By Cassandra Smith
April 27, 2011
What do philanthropy and heavy metal songs have in common? They were both a part of an event held at Colorado University’s Macky Auditorium last night.
CU’s Program Council, Cultural Events Board, and student chapter of Conscious Alliance came together to present Rodrigo y Gabriella, an acoustic guitar-playing duo, to a sold out crowd on campus. Outside the concert, students from Conscious Alliance held a food drive.
The concert was originally scheduled for April 1, but an “unforeseen scheduling conflict with the performers” forced the Program Council to reschedule to last night. Tickets to the event remained a hot commodity on Craigslist despite the time change.
The performers, Rodrigo Sanchez and Gabriella Quintero, are from Mexico and have a worldwide following for their music. They first became popular in Ireland and Japan, and started to gain American fans after MTV played a feature on them in 2008. They performed for President Obama last May.
The duo’s sound is hard to categorize because of the diversity of genres and styles in their repertoire, but they specialize in acoustic, fast paced rhythms. The Cultural Event Board felt the pair’s work exemplified cultural diversity, and would provide students with a unique cultural experience.
“They rage acoustic guitars with their little finger tips,” said Charlie Hurd, concertgoer.

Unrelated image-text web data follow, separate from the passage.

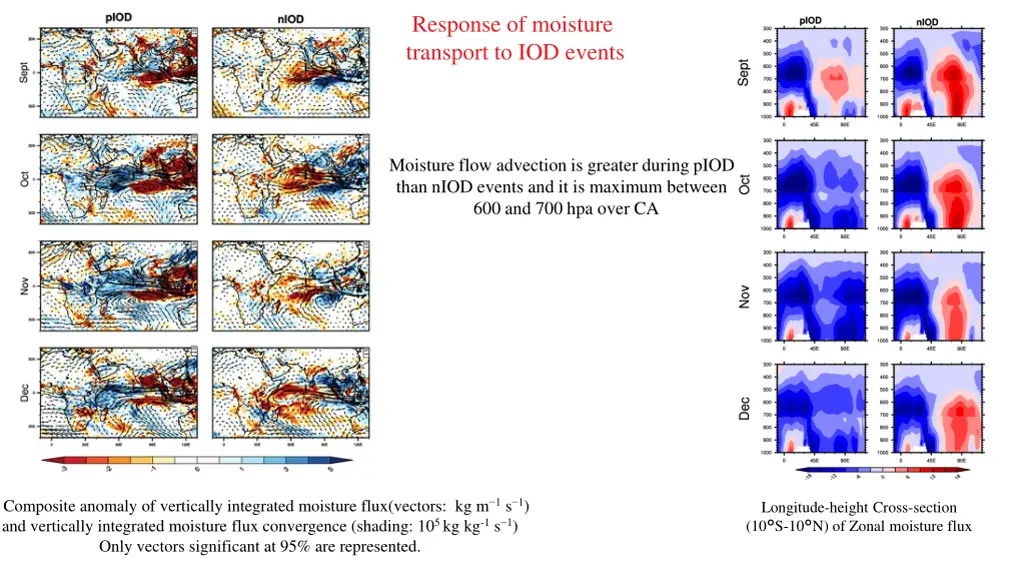 response of moisture transport to iod events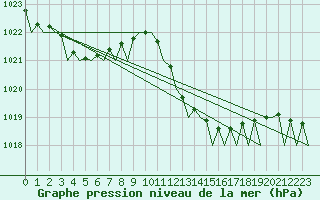 Courbe de la pression atmosphrique pour Menorca / Mahon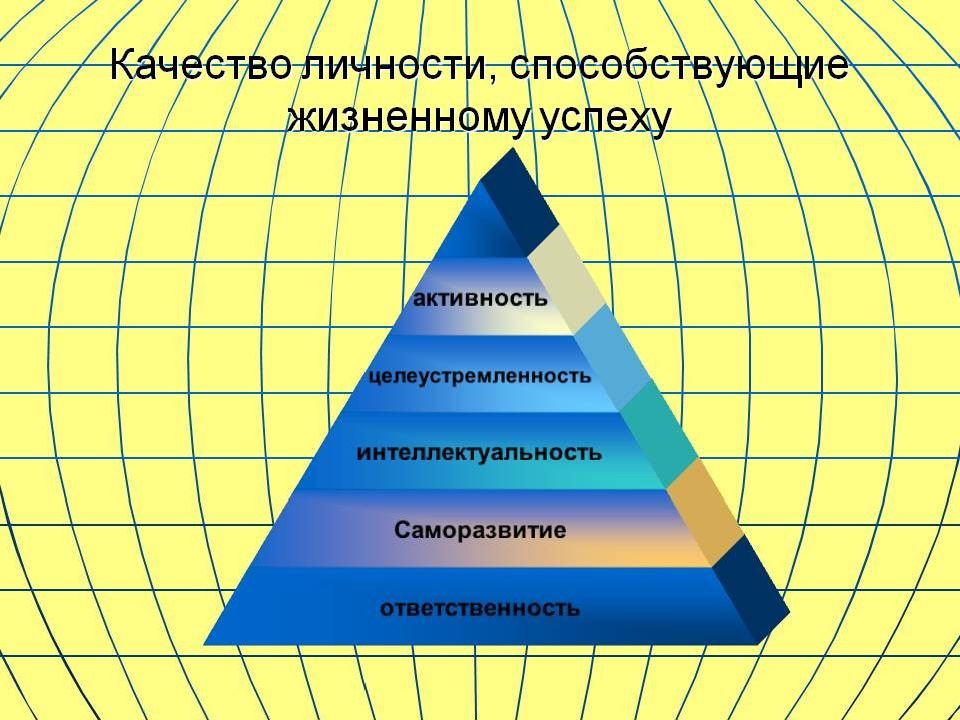 Презентация на тему саморазвитие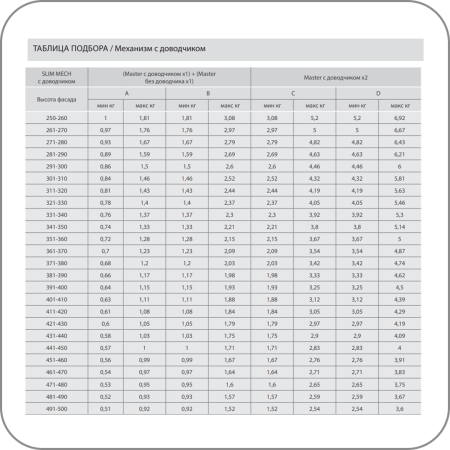 Подъемный механизм Samet, Slim Mech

Rodrigo y Gabriella cover songs by Metallica and Led Zeppelin, and list Metallica as one of their main influences.
Josh Korb, CU student and Rodrigo y Gabriella fan, said at the concert, “I’m really enthusiastic about a classical Latino guitar approach to a beautiful symphonic heavy metal song, orchestrated and prepared with love and delicacy.“
Signs of love and delicacy were apparent outside the concert as well. Conscious Alliance publicized a food drive connected to the show through various social media outlets, and offered limited edition posters designed by artist Robert Marx to those who donated $10 or 10 food items.
Jason Blair, president of Conscious Alliance at CU, explained, “Our main focus with the Rodrigo y Gabriella event tonight is to raise food and funds for the Pine Ridge Reservation, where hunger and poverty are really severe.” The Pine Ridge Reservation is in South Dakota; all food raised goes to a food pantry Conscious Alliance set up there.
Conscious Alliance comes to many music events to raise help for those who need it. Blair explained, “We knew it was going to be a good crowd coming out, and we’ve been trying to get the student group more involved on campus, as opposed to just within the community.”
Next Saturday, Conscious Alliance will host a concert at the Boulder Theater. Blair stated, “All of the proceeds from the entire concert are going to Conscious Alliance.”
This semester, Conscious Alliance also raised around $1,000 to help the relief efforts in Japan, by partnering with another grassroots nonprofit organization called Peace Wins Japan.
“The goal of our organization is to raise food and awareness for hunger and poverty issues,” said Blair, who believes the event last night had a “really good turn out.”
Grace Edmunds, vice president of Conscious Alliance, thoroughly enjoyed the concert, and was impressed with the amount of food people brought. She stated, “The Conscious Alliance greater good is to connect the community through art, music, and philanthropy.”